* _Problem description_:
When you reach the line that contains "Board for owners of the most beautiful cats", begin copying exactly and continue through the last line below. Do not copy pictures.

* _Raw data_:

--------------------

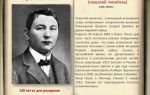 Краткая биография гашека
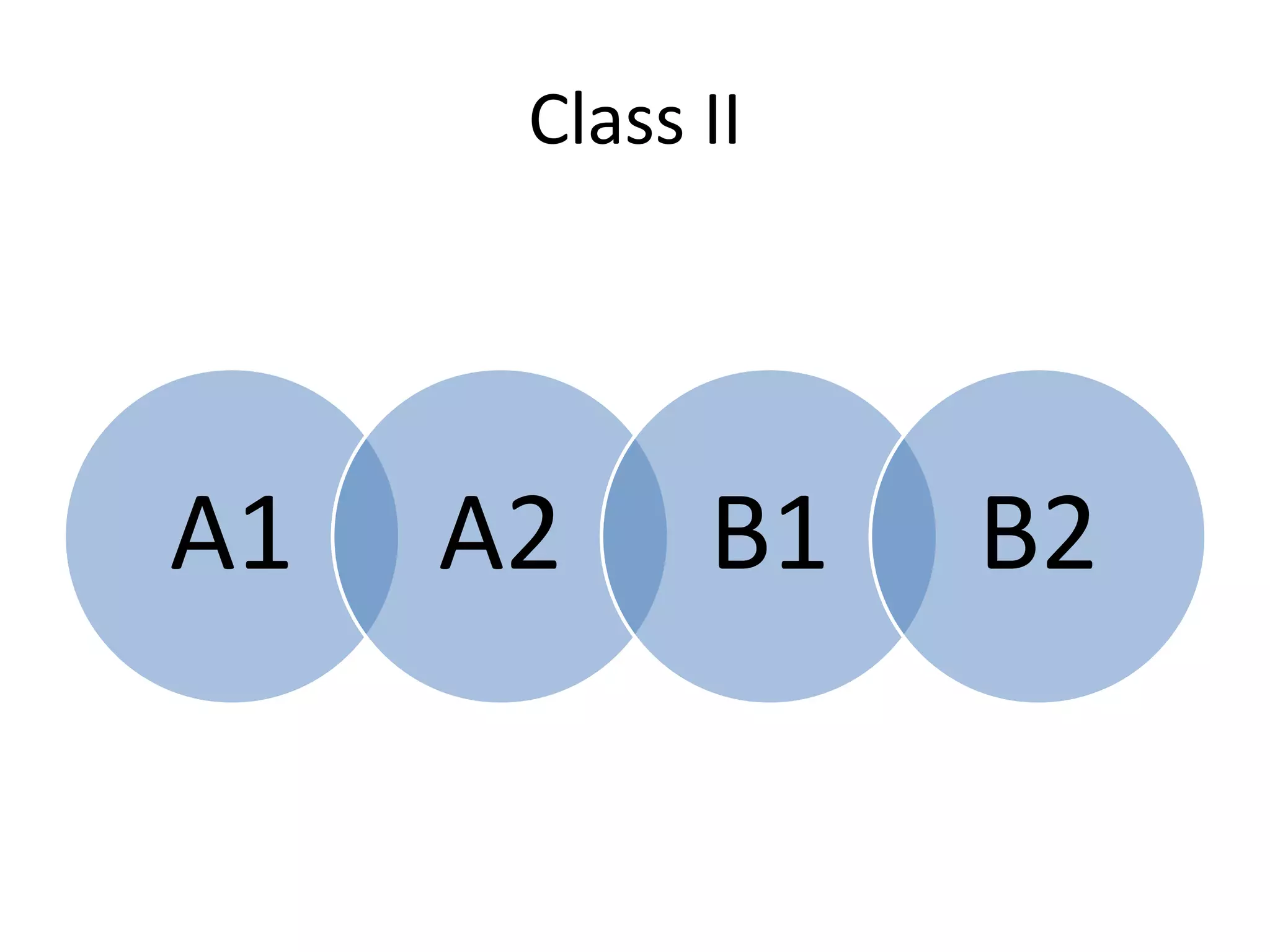 Class II
A1 A2 B1 B2
 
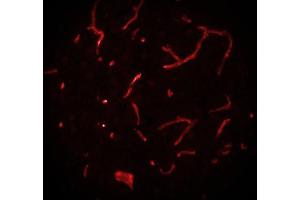 Immunostaining of a cryosection from rat brain. (Caveolin-1 抗体  (AA 1-17))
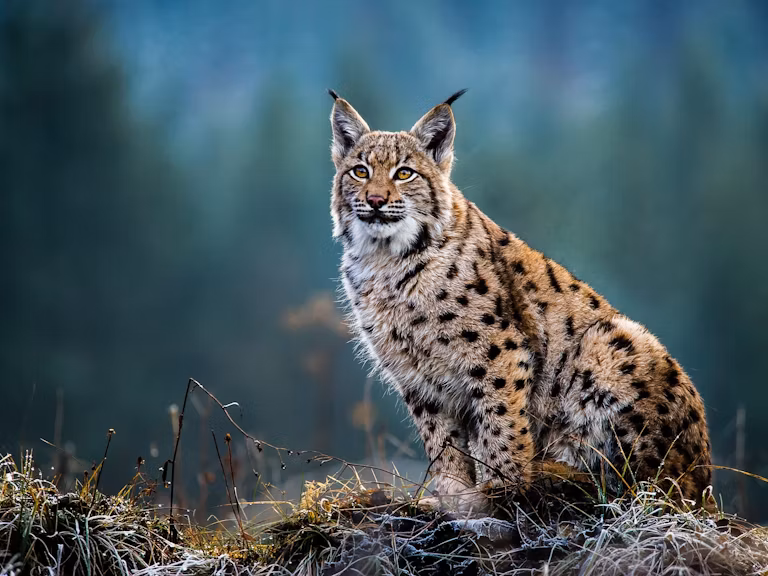 Eurasian lynx
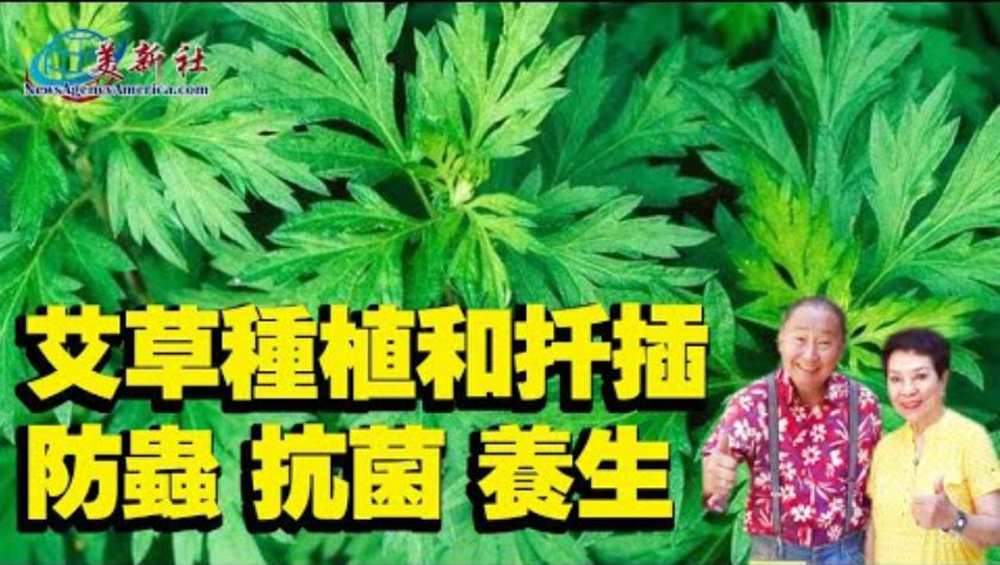 【園藝達人】艾草種植和扦插, 防蟲, 抗菌, 養生, 好處意想不到！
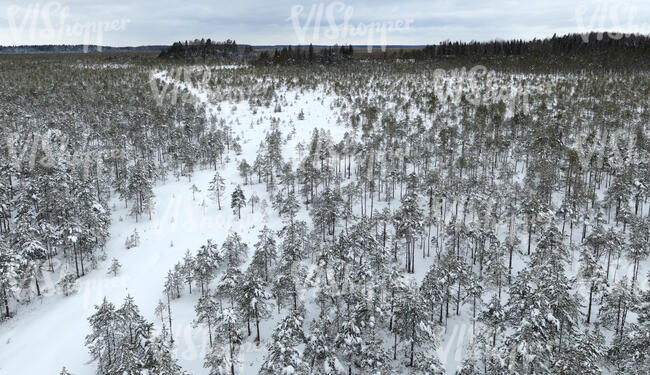 aerial view of snowy forest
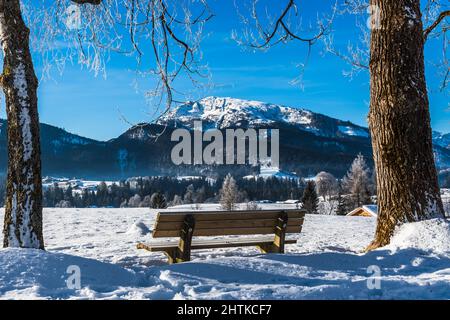 Bank in einer verschneiten Landschaft an einem sonnigen Wintermorgen Stockfoto
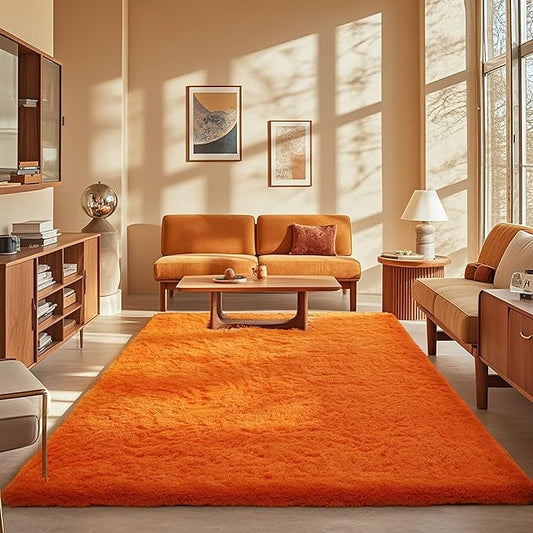 Ophanie Orange Rugs for Living Room Bedroom, 5x8 Fluffy Fuzzy Furry Carpet, Plush Soft Shaggy Bedside Indoor Floor Area Rug for Kids Girls Boys Baby Teen Dorm Nursery Home Decor Aesthetic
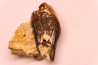 Protaceratherium minutum  Miocène  Faluns de Touraine, FRANCE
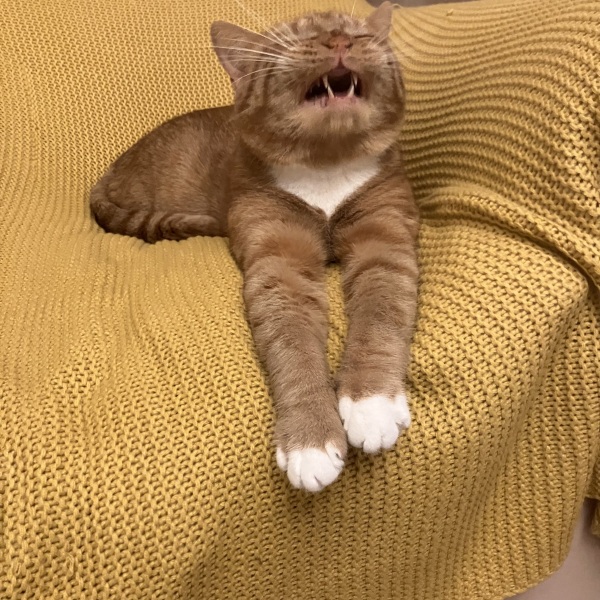 Board for owners of the most beautiful cats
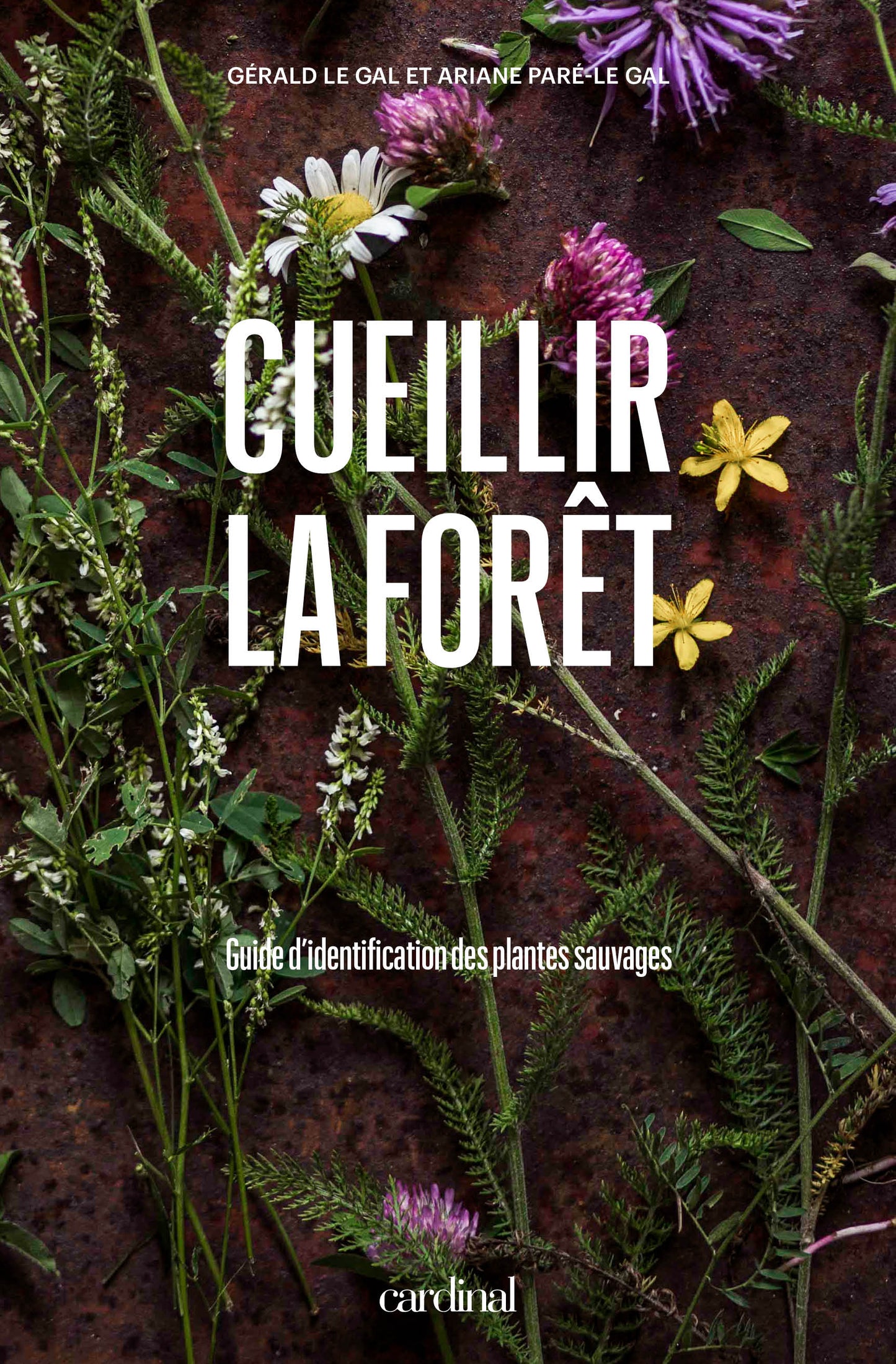 Cueillir la forêt [LIVRE NUMÉRIQUE]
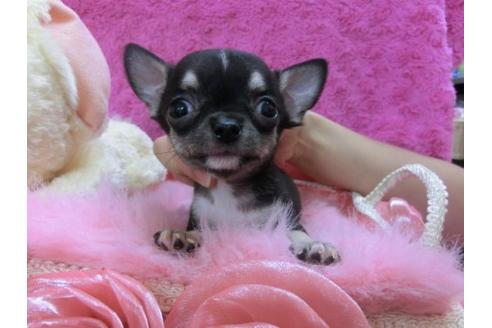 成約済の京都府のチワワ-21186の3枚目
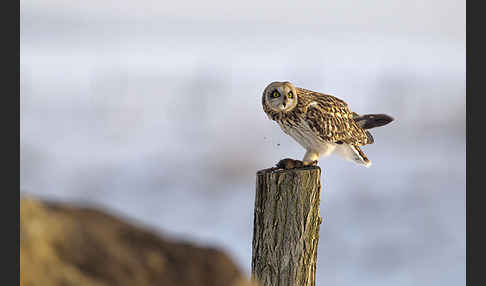 Sumpfohreule (Asio flammeus)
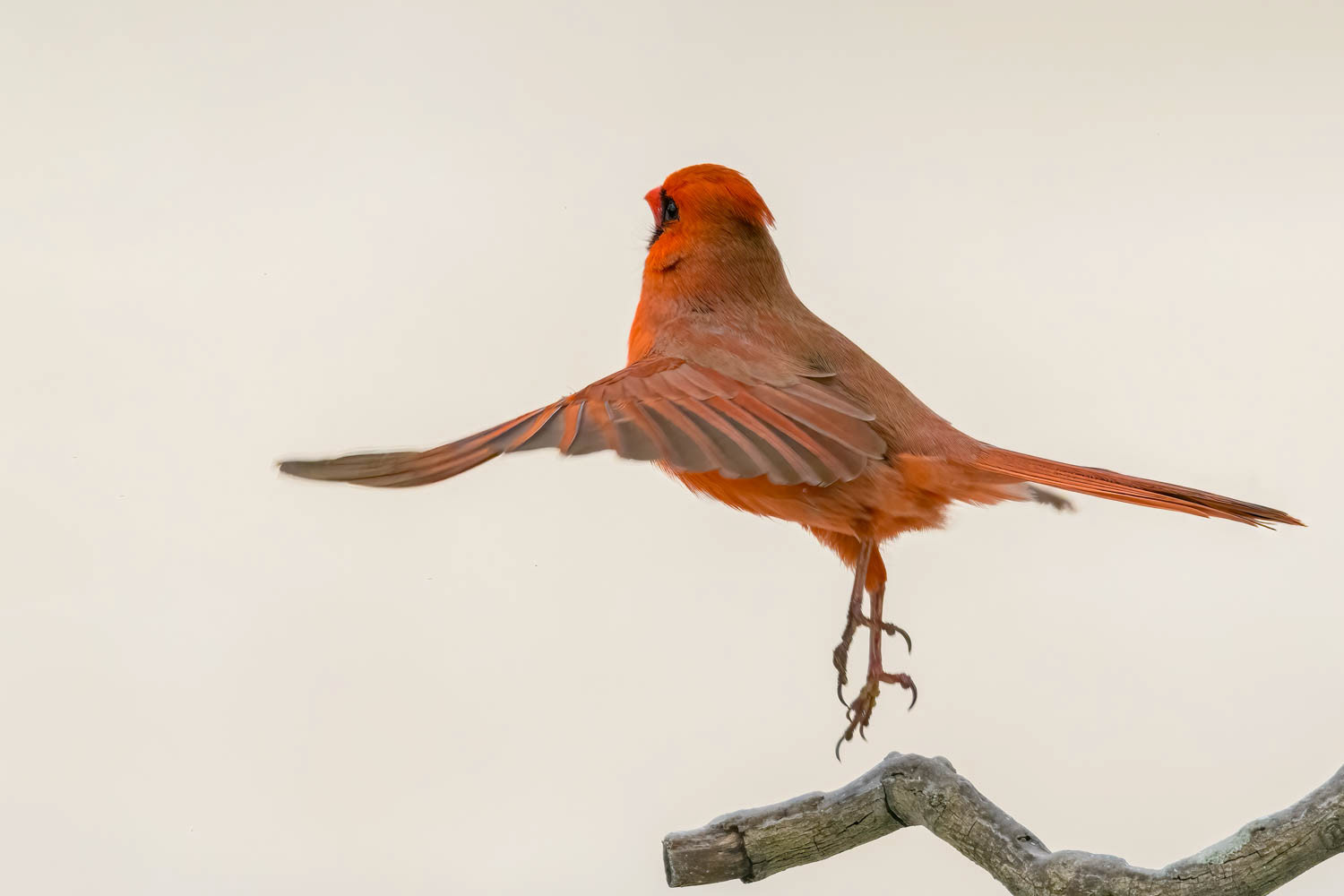 Northern Cardinal-Male
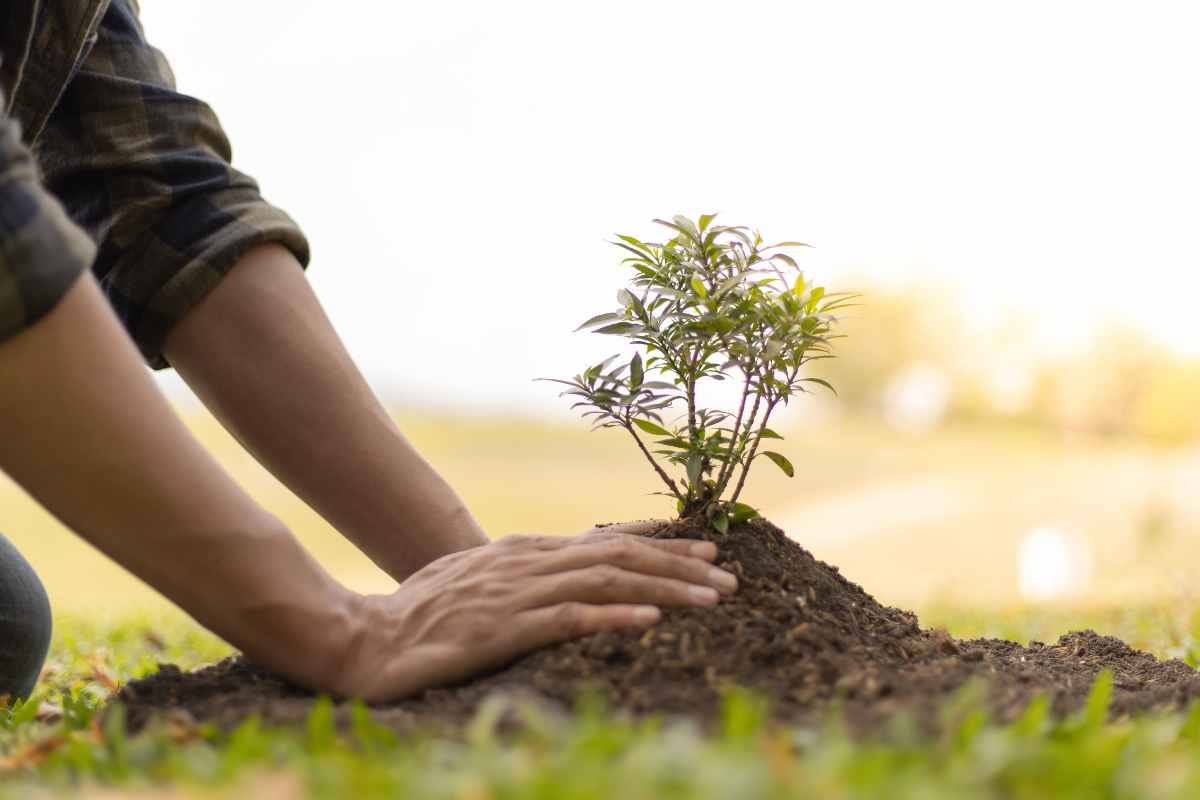 quali alberi piantare un un giardino piccolo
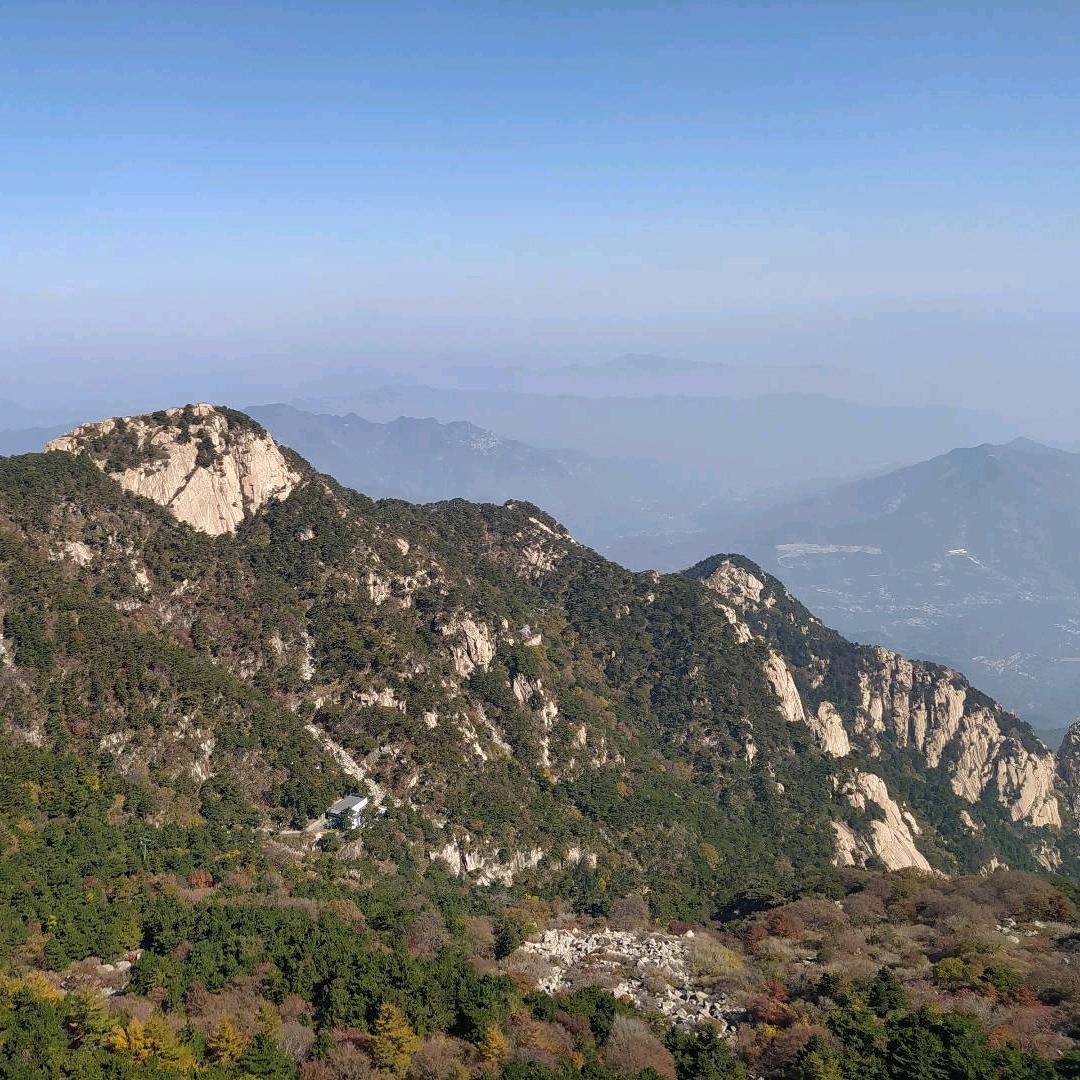白日梦想家
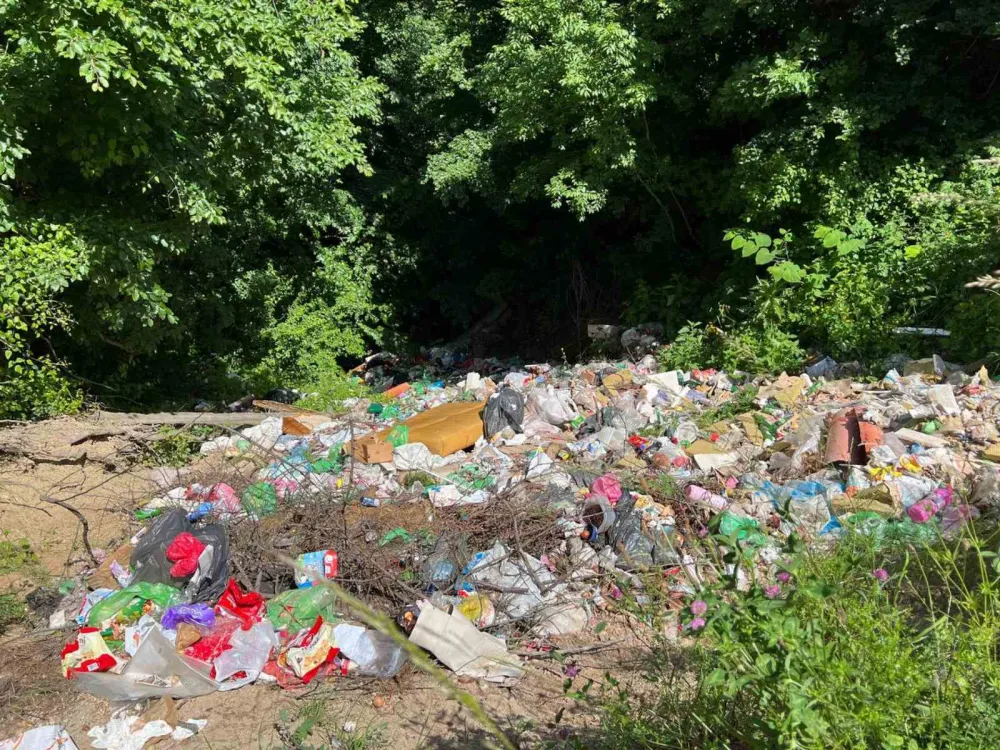 Дивља депонија у близини Васових вода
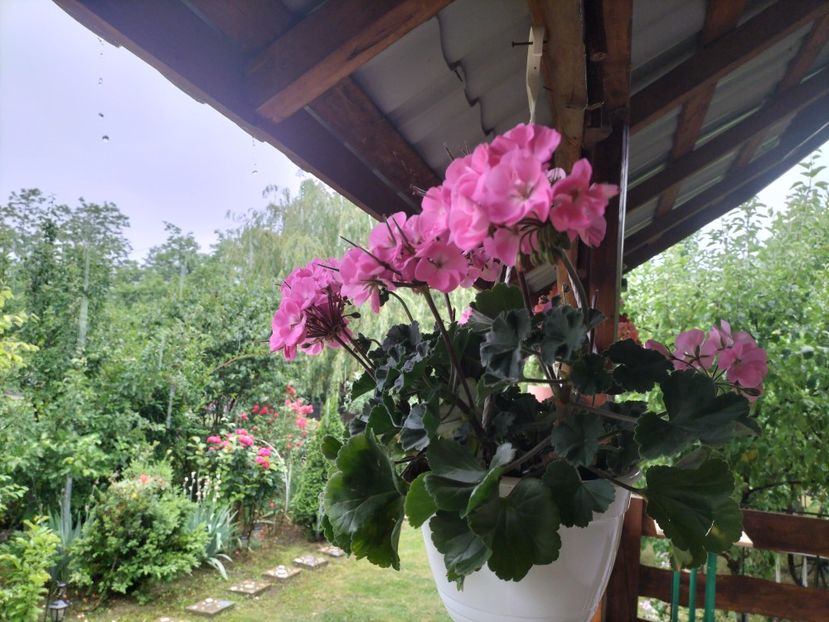 IMG20240603182724 - Muscate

--------------------

* _Your solution_:
 Board for owners of the most beautiful cats
 Cueillir la forêt [LIVRE NUMÉRIQUE]
 成約済の京都府のチワワ-21186の3枚目
 Sumpfohreule (Asio flammeus)
 Northern Cardinal-Male
 quali alberi piantare un un giardino piccolo
白日梦想家
 Дивља депонија у близини Васових вода
 IMG20240603182724 - Muscate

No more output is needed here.